My dear brother [Mansour],

As mentioned in my previous email, I want to try to take up again the conversation we were having when we last spoke, as I feel it was left very much unresolved.

You questioned me very sincerely about the apparently irrational Christian belief in the Trinity and the identification of Jesus with God. I was conscious when I left you that my response (which was along the lines of ‘perhaps God is more mysterious than we think’) was not remotely satisfying to you.

I have reflected on this matter much since, and I thought I might be able to come back to you now with a more helpful response. I offer you this response, not to convince you of the Christian position, but to help you see how sensible people can arrive at this conclusion despite the obvious conceptual difficulties.

The starting point, I believe, in appreciating the different understandings of God embodied in Islam and Christianity is to recognise that the Qur’an and the Christian Bible are very different sorts of books. They don’t simply teach different things about God. They are different sorts of literature.

What I mean is that Qur’an, as I read it, is fundamentally a book of truths and laws, whereas the Christian Bible is basically a story. By this I don’t mean only that the Christian Bible contains stories (as the Qur’an does too). I mean that the Bible as a whole can be read as a single narrative – one that starts in a garden and ends in a city. I do not think you would say the same about the Qur’an.

To my understanding, conveying truth through narrative was the norm for the ancient Semitic people (as in many other traditional cultures). Presenting truth by the way of abstract propositions is more the legacy of Greek philosophy.

Muhammed (peace be upon him) lived in the 6th and 7th centuries of the Christian era – a period when the Greek philosophical framework dominated the intellectual world. Notably the great Councils of the church, such as Nicea and Constantinople, took place in this same intellectual climate. The struggle in these councils, I believe, was to try to fit the truth of the Christian Bible – conveyed in narrative form – into a Greek philosophical framework so that contemporary people could make sense of it. The doctrine of the Trinity was one result of this process.

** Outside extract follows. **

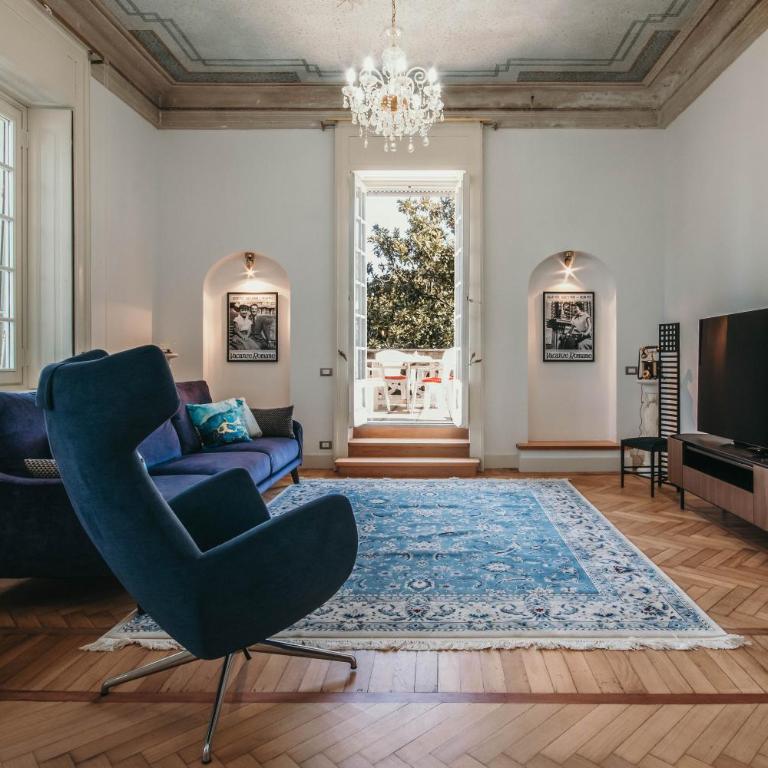The Queen's Suite - Villa Candela - Three-Bedroom Apartment - 1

In truth, turning the Biblical story into an abstract concept was never going to be a seamless process, and so the doctrine of the Trinity never sits very comfortably as a piece of logic. Even so, to my understanding, it was the best that we could come up with, and if it appears to fail in terms of its logic, it does so in order to remain true to the story from which it emerges.

I will not discuss the Trinity further here as a doctrine, but instead want to give you a summary of the story that lies behind it.

In the beginning, God created the Heavens and the Earth … and it was all very good! (Genesis 1)

This is the starting point of the Biblical story where all of creation lives in harmony. In particular, God and humanity are seen as living together happily, with God depicted as walking through the Garden of Eden, enjoying the cool of the day, as He talks to Adam (Genesis 3:8). We might ask how this depiction of God is sensible if God is almighty and invisible, but this does not seem to be a problem to the story-teller. Of greater concern is the way the good relationship between God and humanity breaks down through the eating of the forbidden fruit, resulting in the familiar story of humanity’s expulsion from the garden.

The Eden tragedy is followed in Genesis chapters 1 to 11 by a series of further tragic stories, such as Noah and the flood, culminating in the chaos of the Tower of Babel. It seems at this point of the story that there is no hope for bringing God and humanity back together, but then there is a promise given to Abram in Genesis 12: I will make you into a great nation and I will bless you. I will make your name great, and you will be a blessing … and all peoples on earth will be blessed through you”.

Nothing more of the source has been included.